It's that time of the year again, when we see the pink ribbons everywhere. They've become such a prevalent part of every October, that sometimes it's easy to dismiss the importance of thinking about and being screened for breast cancer. Here at Ultimate Bariatrics, we can about your whole health. So we wanted to take this opportunity to remind you a few facts about breast cancer and to remind you, if you are a woman above the age of 40, please reach out to your primary doctor or OBGYN and get scheduled for a mammogram. Also, if you have a history of cancer, especially breast cancer in your family, please speak to your doctor about screenings.
Who is affected by breast cancer?
Breast cancer can affect anyone! It is more common in women over the age of 50 with risk increasing with age. But, older men and younger women get breast cancer too.
Causes and Risks
Breast cancer is caused by a combination of factors that we can control and those that we can't control (which is why screening is so important!) There is no one cause--instead it's a combination of genetics and environment. Some risk factors that are genetic based are age of first mensuration (earlier is a slightly higher risk), age of menopause (later is a slightly higher risk), denser breast tissue, and other genetic predispositions. Lifestyle choices do play an impact as well so it's best to keep active, avoid drinking too much alcohol, maintain a healthy weight, and stop smoking (or, never start!)
If you notice any changes in your breast-- such as lumps, change in color, change in nipple, or changes in size or shape-- make an appointment with your primary doctor to see if it's something you should get checked out. And men, the most common symptom is a lump in the chest area.
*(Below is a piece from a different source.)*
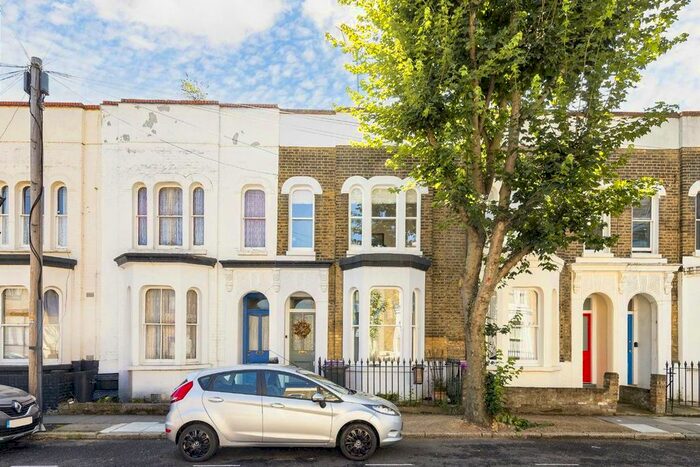 2 Bedroom Property To Rent In Antill Road, London, E3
For women, sometime between the ages of 40 and 50, your doctor will recommend you schedule a mammogram, even if everything feels normal. That's because sometimes, the cancer isn't noticeable by touch but a mammogram can get a better look. After your first mammogram, it is recommended to have one every 3 years afterwards.
Regardless of age or gender, it's always good to stay aware of your body. If you notice any unusual changes, reach out to your doctor. They can let you know if those changes need further attention or are a normal bodily change.